- Born: Virginia, US
- Education: George Mason University; Wake Forest University; Columbia Theological Seminary; Emory University;
- Occupations: Canon, The Episcopal Diocese of Virginia

= J. Lee Hill Jr. =

African-American Baptist minister

J. Lee Hill Jr. is an ordained minister. He was the first Missioner and Canon for Racial Justice and Healing in The Episcopal Diocese of Virginia, appointed by the XIV Bishop of Virginia. Hill, who currently serves as the Canon to the Ordinary and Dean of the Diocesan Ministry for Racial Justice & Healing, has served in ministry since 1999, and is an ordained minister with recognized standing in the Alliance of Baptists and the United Church of Christ.

== Education ==
He attended Florida A&M and graduated from George Mason University with a Bachelor of Arts in integrative studies with a concentration in management and leadership. He earned a Master of Divinity from Wake Forest University, a Master of Theology from Columbia Theological Seminary, and a Doctor of Ministry from Emory University. He received the Bill J. Leonard Distinguished Service Award Pro Fide et Humanitate for his work and advocacy as a public theologian, and holds multiple diplomas and certificates from Morehouse, Princeton, University of San Diego, and the Shalem Institute for Spiritual Formation.

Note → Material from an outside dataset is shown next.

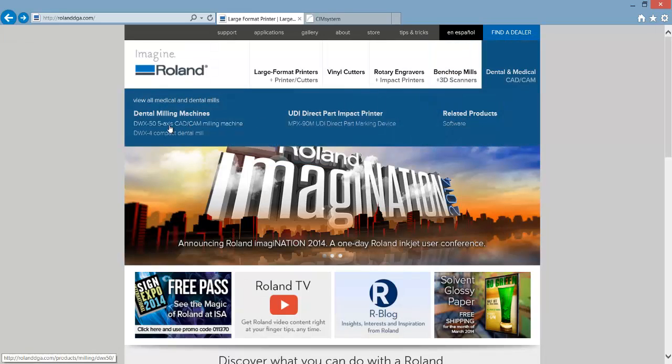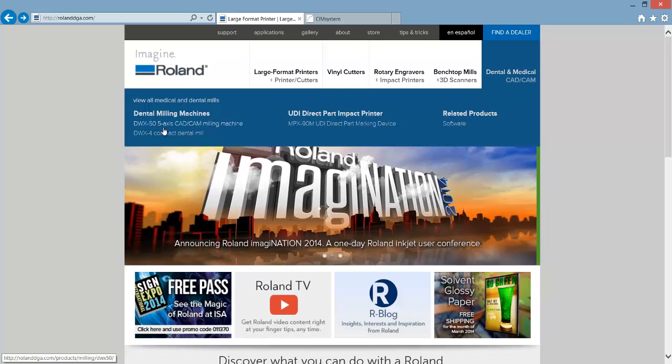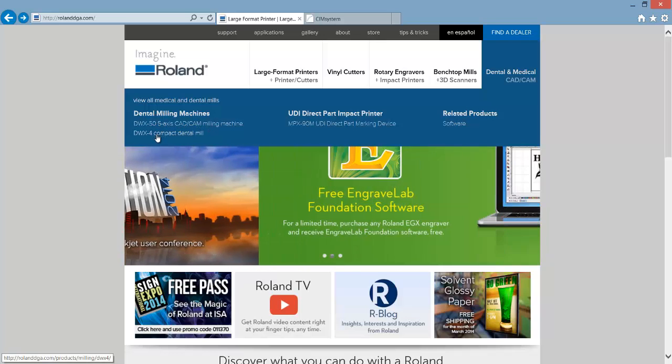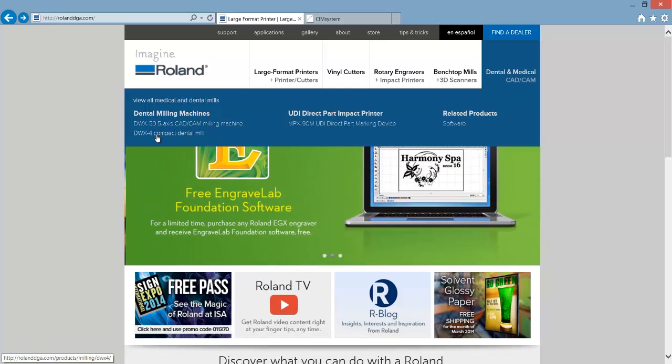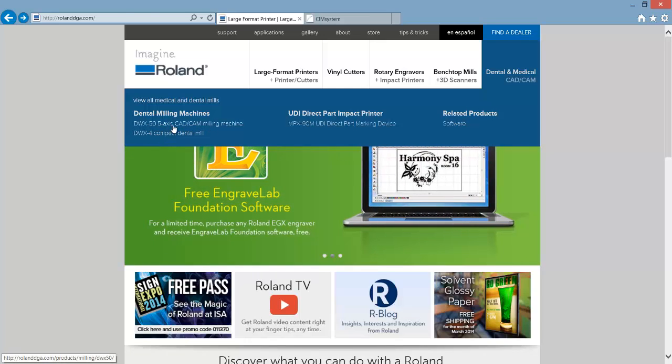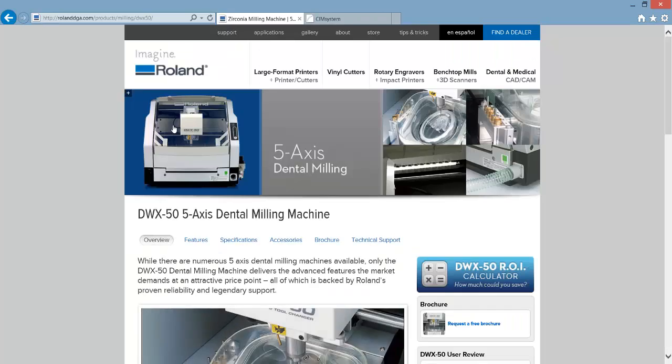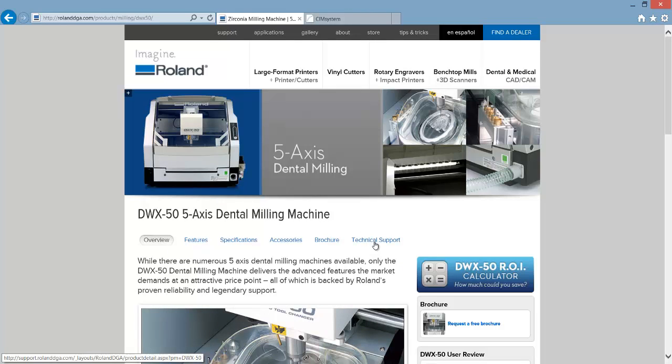From there select either the DWX50 5-axis CAD CAM Milling Machine link or the DWX4 Compact Dental Mill link. Once the appropriate page is loaded go to the Technical Support link.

His research interests are in preaching, social justice, contemplative studies, afrofuturism, and emerging models of narrative leadership; he is a fellow in the Leader's Way program, through Berkeley Seminary, at Yale Divinity School.

== Career ==
Hill grew up and was licensed to preach in 1999 at First Baptist Church of Bermuda Hundred in Chester, Virginia. He later served on the ministerial staff of Knollwood Baptist Church in Winston-Salem, North Carolina, where he became the first African-American ordained to Christian Ministry through that Alliance/American Baptist congregation in 2005. Before joining the ministerial staff of The Riverside Church in the City of New York in 2007, he was a ministerial intern at Metro Baptist Church in Hells Kitchen, New York, and most recently served as the senior pastor of Christian Fellowship Congregational Church (UCC).

== Personal life ==
Hill was born in Virginia and is the father of two sons. He is a Life Member of Alpha Phi Alpha, and Charter Member of 100 Black Men of Greater Richmond, Inc.